So I was really struggling with whether to heal and deal with the hurt while WS was continuing to fail to grow and improve (she is avoidant and seems to struggle to overcome that). My worry was that if I stop hurting would I be letting her get away with it.
I have decided to adopt a mindset that views her as one would view an addict. That is to say, her behaviour is sad and weak and nothing to do with me. To be clear, she is not a sex addict in any way, but she has shown that she has blatantly broke our vows to chase the dopamine hit that comes from external validation. This has fuck all to do with me and everything to do with her failings as a human in a relationship.
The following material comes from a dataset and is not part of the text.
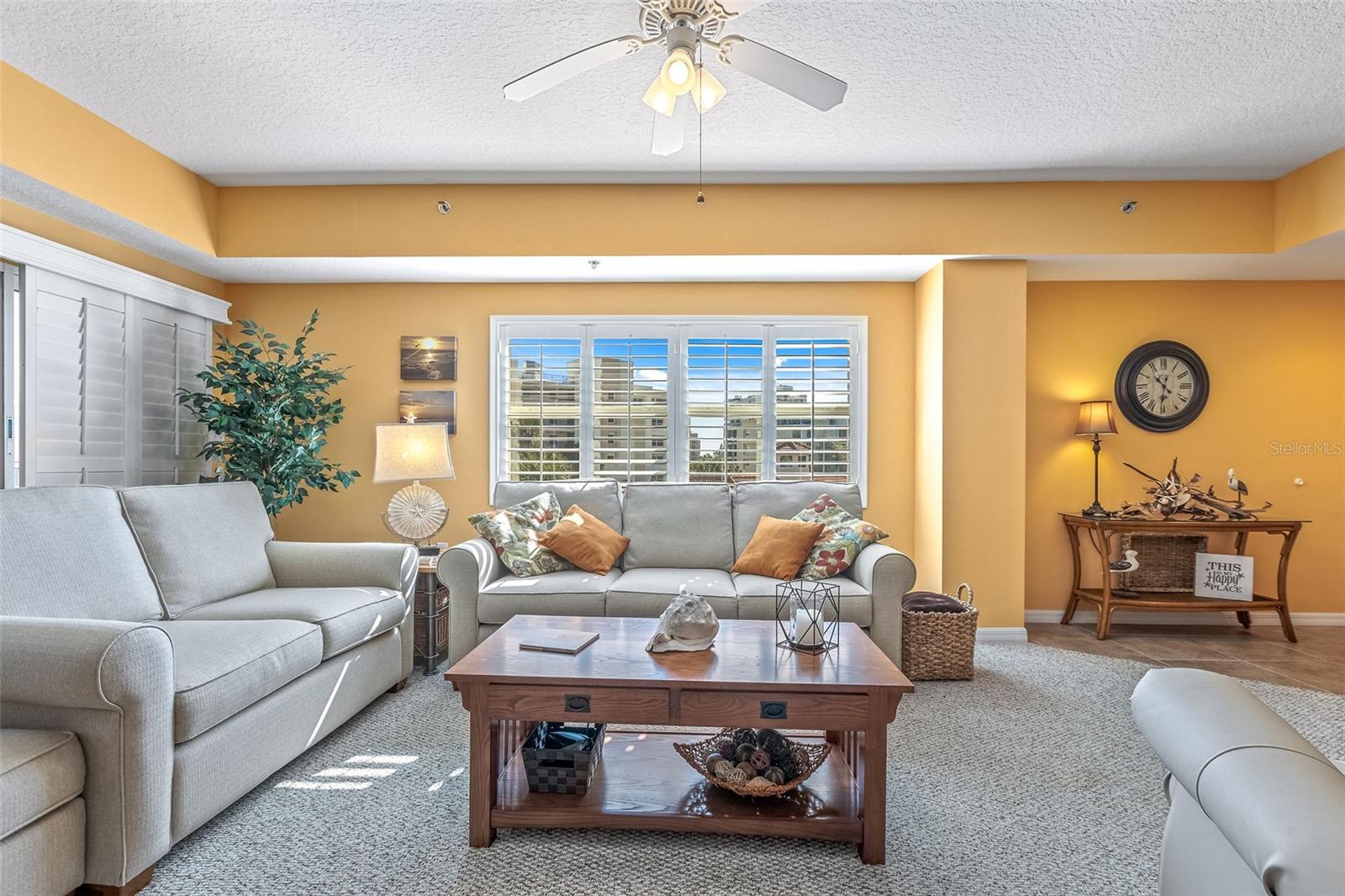 Image 4 of 46 For 5300 Atlantic Avenue 7-307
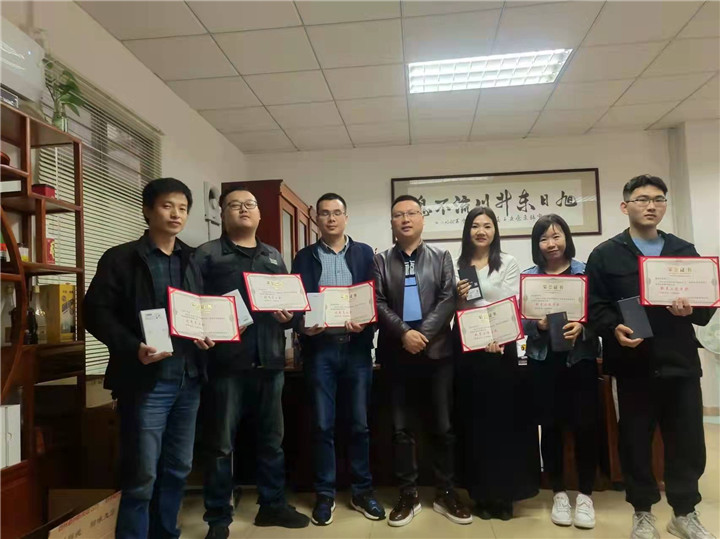 2021年公司的优秀员奖，新员工进步奖。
This mindset is helping me in two ways.
1 - the family of an alcoholic suffer from their behaviour but they are in no way at fault. Same for me. This isn't a me problem. With that in mind, all the behaviour hurts a lot less (it is still totally unacceptable) and it just looks sad and pathetic. AP wasnt better, just mental junk food because WS couldn't handle having adult conversations. So I can and have been using this effectively to neutralise the overwhelming hurt I have been feeling
2 - I have clarity. If WS wont or can't do the work to overcome her shortcomings, then this won't work and I will leave. Not having an active affair isn't enough. She has to fix her avoidant ways. I won't and can't fix them for her, but I can hold her accountable. This isn't begging or sending her stuff to watch and read, this is feedback for her
Ie. "when I am flat and you say I'm punishing you, that is you failing to be with me in my pain. You are being the same person you were during the A, avoiding accountability and dealing with difficult feelings. That isn't good enough."
Etc.
Appreciate thoughts and feedback. I feel the decoupling of my recovery from hers is critical else I'll be stuck chasing and pursuing her recovery to allow me to get better. If she can't step up they're still come a period of time where enough will be enough.